There was once a girl I knew, a long time ago in my youth.
She was a bumbling mixture of nerves, insecurities and contradictions. She spoke confidently in a podium of thousands of students but could never look in the eye of the boy she liked in class. Instead, she wrote many poems and prose about unrequited love, daydreamed of wearing clothes she would never dare to wear and listened to ballads and country music that spoke of her inner turmoil.
She couldn't wait to grow up. To flee from her teenage reality, she spent her paydays in second hand bookshops going through titles and book covers of paperbacks that painted her imagination and transported her to different worlds where happiness can be plucked from the air. That was where I left her, in a bookshop at KCC Mall, and where, many years later, on a pilgrimage to my hometown, I found her again.
I have not thought about her often, the girl I hated for her recklessness and impudence but also admired for her restless passion and fearless faith in her abilities. I have often wondered what she would have thought of me, who, at turning 34 this year have not quite achieved the grand dreams and great expectations she had once laid on my shoulders.
But I wanted to tell her that I have accomplished ordinary things I could be proud of and picked up a few things she might not have known. That happiness comes when we learn to align our expectations to our reality.
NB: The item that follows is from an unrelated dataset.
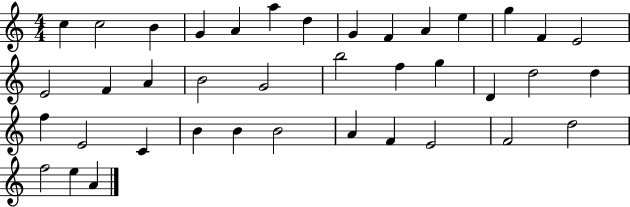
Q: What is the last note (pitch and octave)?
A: A4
That contentment grows when we learn to shift our priorities around those who really matter. That grief overwhelms us with anger and regret before gratitude and acceptance can take its roots. And most importantly, that the past deserves forgiveness, in order for us to move on.
So when I saw her again, I greeted her and she smiled back at me in recognition, in her loose jeans and baggy t-shirt with dry unruly hair tied up in a ponytail. She didn’t have to say anything for me to know that she understood - my hatred, my abandonment, my regrets. And on that day when we met, I made peace with her - the girl I once knew, the friend who was my enemy, the person who once was me.